However, today we are in a situation where we might have to not only depotentialize the worldly powers by calling the church to be loyal to the only true sovereign, as Karl Barth would have it, but also the “godly” powers wielded by some of those who say they represent the God of Jesus Christ (cf. on this also Klein 2016). Not only can the state co-opt the church, but the church can also co-opt the state for its purposes and convictions. Dynamics are often intertwined and raise the question as to both God’s and the nation’s sovereignty in this equation.

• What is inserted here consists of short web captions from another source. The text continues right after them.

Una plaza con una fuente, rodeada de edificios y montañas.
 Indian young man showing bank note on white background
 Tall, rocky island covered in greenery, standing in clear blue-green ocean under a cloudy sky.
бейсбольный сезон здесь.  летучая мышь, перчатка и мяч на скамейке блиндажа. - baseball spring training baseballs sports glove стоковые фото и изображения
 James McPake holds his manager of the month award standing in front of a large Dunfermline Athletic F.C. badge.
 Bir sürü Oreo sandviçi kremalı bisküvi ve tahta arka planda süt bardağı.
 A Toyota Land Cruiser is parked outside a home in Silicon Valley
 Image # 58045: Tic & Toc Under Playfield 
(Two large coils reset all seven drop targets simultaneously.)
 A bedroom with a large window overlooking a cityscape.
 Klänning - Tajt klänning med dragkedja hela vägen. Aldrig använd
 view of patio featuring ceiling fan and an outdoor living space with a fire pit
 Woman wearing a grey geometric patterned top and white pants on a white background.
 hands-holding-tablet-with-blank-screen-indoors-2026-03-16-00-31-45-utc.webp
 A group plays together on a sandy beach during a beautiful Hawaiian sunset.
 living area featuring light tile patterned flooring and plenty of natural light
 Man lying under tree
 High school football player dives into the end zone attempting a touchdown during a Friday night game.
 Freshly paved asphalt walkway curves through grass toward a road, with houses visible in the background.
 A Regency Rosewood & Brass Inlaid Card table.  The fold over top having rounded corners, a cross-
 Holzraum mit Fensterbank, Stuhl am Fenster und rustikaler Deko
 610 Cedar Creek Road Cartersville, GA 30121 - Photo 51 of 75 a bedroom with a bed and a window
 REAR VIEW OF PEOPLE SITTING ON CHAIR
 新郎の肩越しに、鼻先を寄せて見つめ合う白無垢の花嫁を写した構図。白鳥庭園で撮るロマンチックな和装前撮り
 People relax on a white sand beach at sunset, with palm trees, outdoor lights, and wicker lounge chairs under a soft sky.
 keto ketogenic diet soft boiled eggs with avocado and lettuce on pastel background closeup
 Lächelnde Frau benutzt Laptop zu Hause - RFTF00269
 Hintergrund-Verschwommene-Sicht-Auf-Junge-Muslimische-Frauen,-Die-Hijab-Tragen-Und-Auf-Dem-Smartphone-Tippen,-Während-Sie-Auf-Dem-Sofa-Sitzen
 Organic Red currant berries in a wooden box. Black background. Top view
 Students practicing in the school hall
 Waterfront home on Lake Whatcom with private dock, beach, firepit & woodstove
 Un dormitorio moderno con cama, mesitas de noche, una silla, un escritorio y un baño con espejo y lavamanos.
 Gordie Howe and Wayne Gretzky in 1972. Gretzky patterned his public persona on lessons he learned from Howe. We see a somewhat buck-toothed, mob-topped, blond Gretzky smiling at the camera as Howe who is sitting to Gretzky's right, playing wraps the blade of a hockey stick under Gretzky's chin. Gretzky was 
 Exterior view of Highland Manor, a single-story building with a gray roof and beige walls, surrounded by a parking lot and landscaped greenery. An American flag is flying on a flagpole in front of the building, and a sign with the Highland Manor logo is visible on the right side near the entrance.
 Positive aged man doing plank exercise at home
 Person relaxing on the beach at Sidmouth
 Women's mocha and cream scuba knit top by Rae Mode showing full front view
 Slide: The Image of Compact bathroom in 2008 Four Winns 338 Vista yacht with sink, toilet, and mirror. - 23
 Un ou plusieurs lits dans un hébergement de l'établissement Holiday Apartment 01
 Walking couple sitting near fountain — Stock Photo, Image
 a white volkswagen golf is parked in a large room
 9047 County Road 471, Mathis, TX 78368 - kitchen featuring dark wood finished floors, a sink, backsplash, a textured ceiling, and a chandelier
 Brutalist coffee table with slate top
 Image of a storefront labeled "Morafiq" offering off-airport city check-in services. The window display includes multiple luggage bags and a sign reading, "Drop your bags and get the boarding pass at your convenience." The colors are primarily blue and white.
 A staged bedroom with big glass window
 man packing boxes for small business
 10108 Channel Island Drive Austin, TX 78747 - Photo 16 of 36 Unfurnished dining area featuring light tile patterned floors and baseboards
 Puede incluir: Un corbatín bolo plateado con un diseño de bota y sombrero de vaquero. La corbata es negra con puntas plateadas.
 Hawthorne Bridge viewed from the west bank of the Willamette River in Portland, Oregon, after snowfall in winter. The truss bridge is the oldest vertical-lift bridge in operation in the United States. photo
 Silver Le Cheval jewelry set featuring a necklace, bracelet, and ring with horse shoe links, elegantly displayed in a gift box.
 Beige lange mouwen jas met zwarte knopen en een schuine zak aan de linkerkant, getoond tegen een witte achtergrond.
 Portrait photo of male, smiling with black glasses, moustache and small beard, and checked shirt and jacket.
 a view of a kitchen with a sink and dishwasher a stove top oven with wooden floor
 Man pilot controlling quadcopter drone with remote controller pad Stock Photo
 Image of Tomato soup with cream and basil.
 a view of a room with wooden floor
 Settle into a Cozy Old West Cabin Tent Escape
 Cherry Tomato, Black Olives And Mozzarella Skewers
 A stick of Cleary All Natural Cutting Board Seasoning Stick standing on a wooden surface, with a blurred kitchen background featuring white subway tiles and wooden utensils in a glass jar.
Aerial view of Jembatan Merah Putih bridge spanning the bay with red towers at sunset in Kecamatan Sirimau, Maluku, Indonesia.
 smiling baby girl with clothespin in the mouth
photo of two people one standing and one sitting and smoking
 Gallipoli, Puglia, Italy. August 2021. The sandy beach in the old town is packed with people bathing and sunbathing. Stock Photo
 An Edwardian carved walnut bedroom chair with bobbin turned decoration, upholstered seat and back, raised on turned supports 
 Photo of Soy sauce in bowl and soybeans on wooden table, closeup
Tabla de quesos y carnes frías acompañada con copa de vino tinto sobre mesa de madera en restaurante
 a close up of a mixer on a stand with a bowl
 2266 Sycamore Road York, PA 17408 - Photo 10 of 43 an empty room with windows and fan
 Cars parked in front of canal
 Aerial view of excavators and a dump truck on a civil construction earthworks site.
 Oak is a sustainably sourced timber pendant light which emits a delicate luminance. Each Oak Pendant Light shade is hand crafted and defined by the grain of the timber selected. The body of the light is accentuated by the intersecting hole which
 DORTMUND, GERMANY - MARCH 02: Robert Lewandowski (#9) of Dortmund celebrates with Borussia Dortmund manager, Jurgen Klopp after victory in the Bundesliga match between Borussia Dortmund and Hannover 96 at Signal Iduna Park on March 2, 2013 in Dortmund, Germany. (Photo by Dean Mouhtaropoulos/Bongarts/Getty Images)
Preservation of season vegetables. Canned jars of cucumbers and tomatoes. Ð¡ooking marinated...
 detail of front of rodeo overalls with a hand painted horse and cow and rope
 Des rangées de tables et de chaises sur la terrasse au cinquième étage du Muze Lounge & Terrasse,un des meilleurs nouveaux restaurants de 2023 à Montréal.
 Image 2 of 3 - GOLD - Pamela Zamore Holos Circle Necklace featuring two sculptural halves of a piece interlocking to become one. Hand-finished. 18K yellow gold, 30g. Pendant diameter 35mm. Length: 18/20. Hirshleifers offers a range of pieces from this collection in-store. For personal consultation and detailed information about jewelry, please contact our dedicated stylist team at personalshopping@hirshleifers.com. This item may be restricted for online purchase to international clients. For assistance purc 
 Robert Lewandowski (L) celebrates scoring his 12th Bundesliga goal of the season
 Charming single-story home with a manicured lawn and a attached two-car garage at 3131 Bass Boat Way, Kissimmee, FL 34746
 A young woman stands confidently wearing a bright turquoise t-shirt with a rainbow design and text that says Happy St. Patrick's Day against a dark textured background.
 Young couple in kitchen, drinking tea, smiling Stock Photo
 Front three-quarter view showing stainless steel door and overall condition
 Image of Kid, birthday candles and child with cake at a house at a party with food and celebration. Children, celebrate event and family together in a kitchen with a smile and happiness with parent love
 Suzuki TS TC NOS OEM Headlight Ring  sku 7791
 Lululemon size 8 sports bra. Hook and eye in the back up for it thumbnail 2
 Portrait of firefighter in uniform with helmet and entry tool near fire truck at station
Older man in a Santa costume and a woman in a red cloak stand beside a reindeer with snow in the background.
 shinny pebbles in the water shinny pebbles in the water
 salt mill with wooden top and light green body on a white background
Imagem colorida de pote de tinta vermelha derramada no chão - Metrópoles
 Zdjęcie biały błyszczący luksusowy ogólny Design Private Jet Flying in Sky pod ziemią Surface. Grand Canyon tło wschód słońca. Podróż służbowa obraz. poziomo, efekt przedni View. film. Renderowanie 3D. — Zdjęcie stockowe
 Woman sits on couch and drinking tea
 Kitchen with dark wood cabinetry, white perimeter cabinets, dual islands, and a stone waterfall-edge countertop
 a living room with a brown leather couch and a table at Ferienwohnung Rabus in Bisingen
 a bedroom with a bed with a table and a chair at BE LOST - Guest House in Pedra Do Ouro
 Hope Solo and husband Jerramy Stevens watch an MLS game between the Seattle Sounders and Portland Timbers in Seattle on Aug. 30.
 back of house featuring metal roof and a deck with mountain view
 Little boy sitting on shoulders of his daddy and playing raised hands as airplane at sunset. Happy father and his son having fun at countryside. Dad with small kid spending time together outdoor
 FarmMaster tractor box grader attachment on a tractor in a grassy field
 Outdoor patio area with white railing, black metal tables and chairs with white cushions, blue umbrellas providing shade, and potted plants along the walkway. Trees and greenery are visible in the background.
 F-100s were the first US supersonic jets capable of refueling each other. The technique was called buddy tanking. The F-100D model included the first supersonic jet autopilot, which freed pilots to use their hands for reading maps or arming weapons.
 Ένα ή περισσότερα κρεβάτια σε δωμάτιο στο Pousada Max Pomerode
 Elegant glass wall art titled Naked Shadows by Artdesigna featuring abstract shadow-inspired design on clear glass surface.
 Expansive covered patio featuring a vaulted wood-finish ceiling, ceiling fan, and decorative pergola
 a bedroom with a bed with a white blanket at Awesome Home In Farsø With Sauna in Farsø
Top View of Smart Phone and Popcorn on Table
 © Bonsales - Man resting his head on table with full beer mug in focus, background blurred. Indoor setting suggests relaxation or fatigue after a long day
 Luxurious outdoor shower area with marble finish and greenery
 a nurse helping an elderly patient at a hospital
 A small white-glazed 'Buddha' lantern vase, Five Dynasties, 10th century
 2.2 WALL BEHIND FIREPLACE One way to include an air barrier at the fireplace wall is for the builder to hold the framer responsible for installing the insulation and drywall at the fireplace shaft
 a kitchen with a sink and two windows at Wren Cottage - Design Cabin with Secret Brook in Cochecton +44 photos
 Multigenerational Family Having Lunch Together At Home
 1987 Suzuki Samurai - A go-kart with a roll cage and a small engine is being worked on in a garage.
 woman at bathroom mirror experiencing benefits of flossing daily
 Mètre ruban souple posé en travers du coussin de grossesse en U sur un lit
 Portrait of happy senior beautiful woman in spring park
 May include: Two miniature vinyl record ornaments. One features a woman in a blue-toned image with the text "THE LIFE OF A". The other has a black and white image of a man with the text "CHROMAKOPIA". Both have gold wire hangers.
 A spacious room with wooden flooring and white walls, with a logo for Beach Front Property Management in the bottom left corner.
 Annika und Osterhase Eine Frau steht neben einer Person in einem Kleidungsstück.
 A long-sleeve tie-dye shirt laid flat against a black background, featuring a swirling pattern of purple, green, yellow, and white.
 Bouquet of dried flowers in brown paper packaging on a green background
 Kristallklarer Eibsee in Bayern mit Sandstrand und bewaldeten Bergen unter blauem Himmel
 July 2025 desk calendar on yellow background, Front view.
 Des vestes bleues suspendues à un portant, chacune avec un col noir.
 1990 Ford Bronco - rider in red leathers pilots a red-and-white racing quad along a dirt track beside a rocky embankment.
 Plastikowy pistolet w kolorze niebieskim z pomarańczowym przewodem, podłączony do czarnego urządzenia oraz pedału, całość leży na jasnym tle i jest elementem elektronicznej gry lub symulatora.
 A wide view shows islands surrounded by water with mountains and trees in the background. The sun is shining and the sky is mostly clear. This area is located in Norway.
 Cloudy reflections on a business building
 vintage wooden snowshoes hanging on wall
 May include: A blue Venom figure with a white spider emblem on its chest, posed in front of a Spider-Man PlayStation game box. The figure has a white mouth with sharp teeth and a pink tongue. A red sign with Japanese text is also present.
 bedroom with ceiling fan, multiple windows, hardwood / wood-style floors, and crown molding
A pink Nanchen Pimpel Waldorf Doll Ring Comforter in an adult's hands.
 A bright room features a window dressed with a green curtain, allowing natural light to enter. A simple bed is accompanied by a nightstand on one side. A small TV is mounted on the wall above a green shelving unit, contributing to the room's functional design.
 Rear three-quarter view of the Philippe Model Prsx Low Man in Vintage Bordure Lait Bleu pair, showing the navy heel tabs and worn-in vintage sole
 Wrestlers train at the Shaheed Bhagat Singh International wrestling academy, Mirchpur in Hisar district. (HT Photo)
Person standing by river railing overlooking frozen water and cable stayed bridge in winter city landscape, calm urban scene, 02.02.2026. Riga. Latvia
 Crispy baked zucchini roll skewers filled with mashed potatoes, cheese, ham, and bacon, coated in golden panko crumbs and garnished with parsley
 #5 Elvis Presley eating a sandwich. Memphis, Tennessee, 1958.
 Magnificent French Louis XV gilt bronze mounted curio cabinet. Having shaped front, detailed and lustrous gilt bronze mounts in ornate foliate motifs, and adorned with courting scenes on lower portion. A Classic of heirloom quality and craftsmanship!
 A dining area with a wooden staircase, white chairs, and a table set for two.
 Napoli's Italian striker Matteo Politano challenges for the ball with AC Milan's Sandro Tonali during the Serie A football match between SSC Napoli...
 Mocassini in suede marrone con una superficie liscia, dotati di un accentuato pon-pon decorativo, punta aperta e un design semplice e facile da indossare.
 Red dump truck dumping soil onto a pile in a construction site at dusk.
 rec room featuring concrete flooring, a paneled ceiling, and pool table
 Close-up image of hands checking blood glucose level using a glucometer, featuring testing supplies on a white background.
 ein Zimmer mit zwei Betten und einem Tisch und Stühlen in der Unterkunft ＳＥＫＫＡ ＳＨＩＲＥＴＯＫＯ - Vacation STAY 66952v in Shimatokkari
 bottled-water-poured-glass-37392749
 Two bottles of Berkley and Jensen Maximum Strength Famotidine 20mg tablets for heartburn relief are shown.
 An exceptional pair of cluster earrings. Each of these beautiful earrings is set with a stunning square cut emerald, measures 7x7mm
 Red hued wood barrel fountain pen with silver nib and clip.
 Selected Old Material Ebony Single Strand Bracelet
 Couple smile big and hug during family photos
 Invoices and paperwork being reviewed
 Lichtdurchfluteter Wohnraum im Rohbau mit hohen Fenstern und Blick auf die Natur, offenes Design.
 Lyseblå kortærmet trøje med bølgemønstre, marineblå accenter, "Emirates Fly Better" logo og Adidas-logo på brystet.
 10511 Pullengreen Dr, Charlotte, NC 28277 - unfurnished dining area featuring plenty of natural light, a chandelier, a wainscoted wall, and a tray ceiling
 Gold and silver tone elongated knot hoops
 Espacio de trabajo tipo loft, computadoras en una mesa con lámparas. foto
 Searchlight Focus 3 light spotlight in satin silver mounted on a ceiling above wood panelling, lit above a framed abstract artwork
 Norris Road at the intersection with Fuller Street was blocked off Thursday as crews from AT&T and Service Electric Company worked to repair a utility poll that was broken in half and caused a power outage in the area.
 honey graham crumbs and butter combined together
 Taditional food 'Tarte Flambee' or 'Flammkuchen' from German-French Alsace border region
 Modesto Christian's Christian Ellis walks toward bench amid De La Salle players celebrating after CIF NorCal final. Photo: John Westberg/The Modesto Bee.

Such changes in Christian participation in political life that shift from participation and contribution to imposition and seeking power, be it in government or civil society, have a bearing on democracy. An analysis from the perspective of public theology seeks to establish the place and role of churches and other religious communities in the public sphere, both descriptively and normatively. It tries to do so both from the perspective of the secular, religiously plural state that must guarantee equal rights to all religions, and from the perspective of the respective religious tradition (see von Sinner 2021). Dietrich Bonhoeffer famously said: “Only he who cries out for the Jews may sing Gregorian chants” (quoted by Bethge 2005:506; translation mine), which means, adapted to our theme here: whosoever seeks to practice his or her religion has to speak out for the victims in other religions. Analogously, those who are all too anxious to look for their place under the state’s sun and make sure they get their due share must also claim that possibility for other religions. They cannot claim for themselves what they deny others. Not only because the secular state asks them to do so for the sake of peace and meaningful conviviality, but because they have resources in themselves that teach them both to be missionary and to be tolerant, or rather, respectful of others. In a country where around 90% of the population claim to be Christians, which is the case in both Brazil and South Africa, this must mean something. It should mean that at least 90% of the population can be held accountable both as citizens of the country and as citizens of heaven who live in this world, albeit as pilgrims and strangers.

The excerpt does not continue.